15 Ocak 2009 Perşembe

ÖNEMLİ UYARI

Sevgili Sabahlayan Taşkışlalılar,

Dün (çarşamba) Fakülte Yönetim Kurulunda bazı arkadaşlarımız yüzünden zor duruma düştüm. Güvenlik görevlilerinin tuttuğu tutanaklar önüme konduğu zaman ne yapmamı bekliyordunuz bunu merak etmekteyim?
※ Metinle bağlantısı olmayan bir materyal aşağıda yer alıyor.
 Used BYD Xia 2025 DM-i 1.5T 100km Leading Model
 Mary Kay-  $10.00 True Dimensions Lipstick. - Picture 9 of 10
Sadece ben değil, Fakülte ÖTK'si olarak mahçup duruma düşüyoruz.

Tutanaklardaki
- sınıflarda sigara içilmesi
- alkol tüketilmesi
- çatıya çıkılması (ki artık bu olaya YUH demek istiyorum)
- asansörlerin kullanılması
- diğer fakültelerden öğrencilerin içeri girmeye çalışması
- sabaha karşı yemek siparişlerinin verilmesinin devam etmesi
konuları hakkında bir kez daha uyarmak istiyorum sizleri.

LÜTFEN!
Sizler için bu sorumluluğu almış ÖTK öğrencilerini zor durumda bırakacak davranışlarda bulunmayın, belirlenmiş kurallara uymaya özen gösterin (uyun!), çevrenizdekileri de buna teşvik edin.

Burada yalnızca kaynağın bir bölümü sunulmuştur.